Index(['backers_count', 'blurb', 'country', 'id', 'name', 'slug', 'state',
       'usd_pledged', 'category_name', 'creator_name', 'location_name',
       'location_state', 'created_at_rd', 'deadline_rd', 'launched_at_rd',
       'state_changed_at_rd', 'usd_goal', 'duration_days',
       'd_pledged_goal_usd', 'state_successful'],
      dtype='object')

## Modelling

In [5]:
# Global random_state
rand = 1

# Define variables
X = df[['usd_goal', 'backers_count', 'state_successful']]
y = df['usd_pledged']

#y = np.array(df_new.pop('state'))

In [6]:
# Splitting the model into test and train data
X_train, X_test, y_train, y_test = train_test_split(X, y, test_size=0.25, random_state=rand)

### Scaling x-values

In [7]:
# Define columns to scale
col_scale = ['backers_count', 'usd_goal']

# Scale columns
scaler = RobustScaler()
X_train_scaled = scaler.fit_transform(X_train[col_scale])
X_test_scaled = scaler.transform(X_test[col_scale])

# Concatenating scaled and dummy columns 
X_train_preprocessed = np.concatenate([X_train_scaled, X_train.drop(col_scale, axis=1)], axis=1)
X_test_preprocessed = np.concatenate([X_test_scaled, X_test.drop(col_scale, axis=1)], axis=1)

In [8]:
# Define columns to scale
#col_scale = ['usd_pledged']

# Scale columns
#scaler = RobustScaler()
#y_train_scaled = scaler.transform(y_train[col_scale])
#y_test_scaled = scaler.transform(y_test[col_scale])

# Concatenating scaled and dummy columns 
#y_train_preprocessed = np.concatenate([y_train_scaled, y_train.drop(col_scale, axis=1)], axis=1)
#y_test_preprocessed = np.concatenate([y_test_scaled, y_test.drop(col_scale, axis=1)], axis=1)

In [9]:
# Prevent ValueError: Unknown label type: 'continuous'

#lab_enc = preprocessing.LabelEncoder()
#y_train_encoded = lab_enc.fit_transform(y_train)
#print(y_train_encoded)
#print(utils.multiclass.type_of_target(y_train))
#print(utils.multiclass.type_of_target(y_train.astype('int')))
#print(utils.multiclass.type_of_target(y_train_encoded))

In [10]:
# Train the model
rforest = RandomForestRegressor(max_features='sqrt', n_estimators=200, n_jobs=1,
                                 verbose=1, random_state=rand)
rforest.fit(X_train_scaled, y_train)

[Parallel(n_jobs=1)]: Using backend SequentialBackend with 1 concurrent workers.
[Parallel(n_jobs=1)]: Done 200 out of 200 | elapsed:   17.5s finished


RandomForestRegressor(max_features='sqrt', n_estimators=200, n_jobs=1,
                      random_state=1, verbose=1)

In [11]:
y_pred = rforest.predict(X_test_scaled)

[Parallel(n_jobs=1)]: Using backend SequentialBackend with 1 concurrent workers.
[Parallel(n_jobs=1)]: Done 200 out of 200 | elapsed:    2.5s finished


## Model Evaluation

In [12]:
print('Mean Absolute Error:', metrics.mean_absolute_error(y_test, y_pred))
print('Mean Squared Error:', metrics.mean_squared_error(y_test, y_pred))
print('Root Mean Squared Error:', np.sqrt(metrics.mean_squared_error(y_test, y_pred)))
print('Mean of usd_pledged:', df.usd_pledged.mean())

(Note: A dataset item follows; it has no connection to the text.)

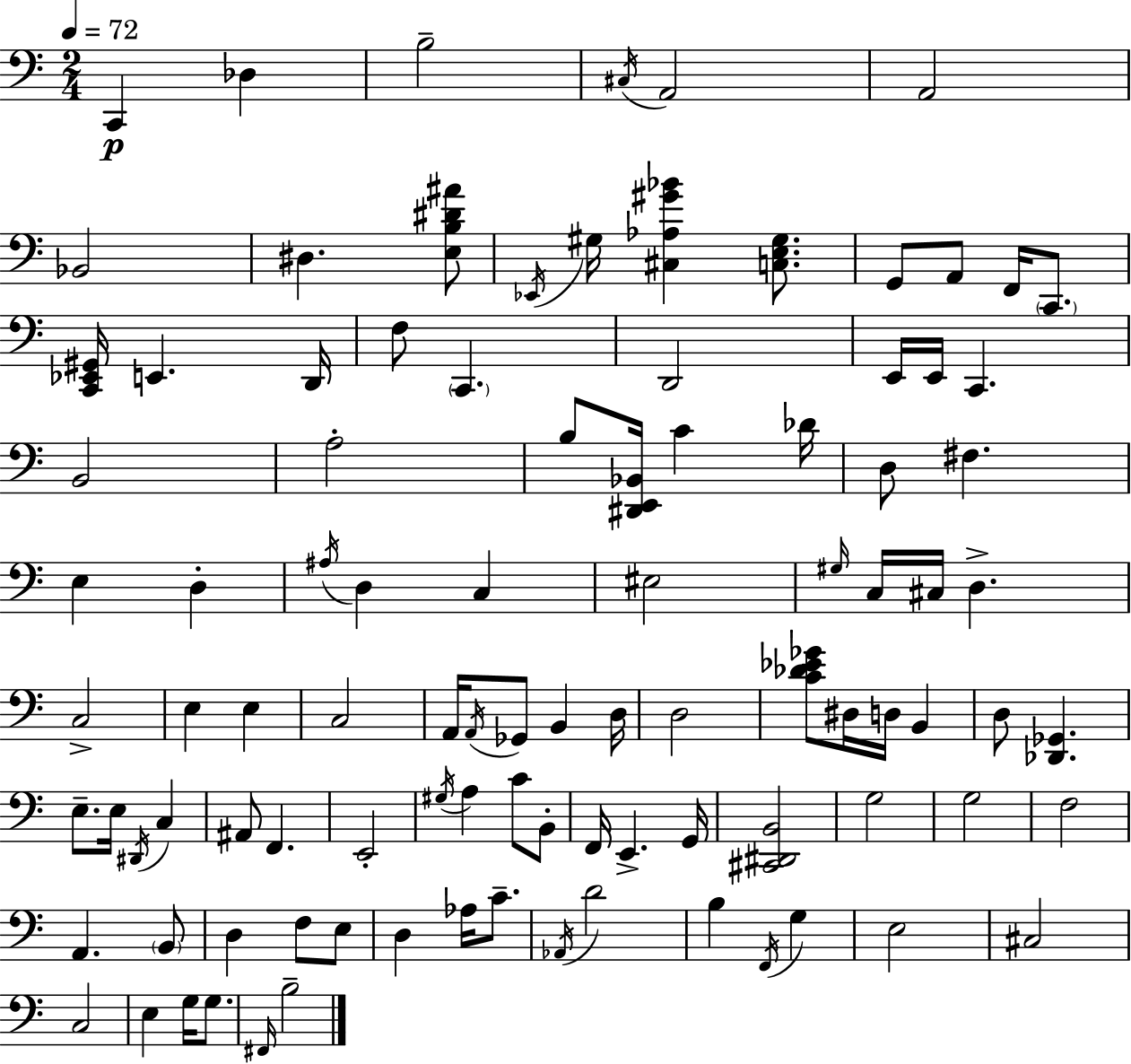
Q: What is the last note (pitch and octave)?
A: B3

Mean Absolute Error: 6090.130405353872
Mean Squared Error: 2578174633.9328074
Root Mean Squared Error: 50775.72878780577
Mean of usd_pledged: 12297.144432358278


## Model Optimization

In [13]:
r2 = r2_score(y_test, y_pred, multioutput='uniform_average')
r2

0.647510376918945

R Square measures how much of variability in dependent variable can be explained by the model.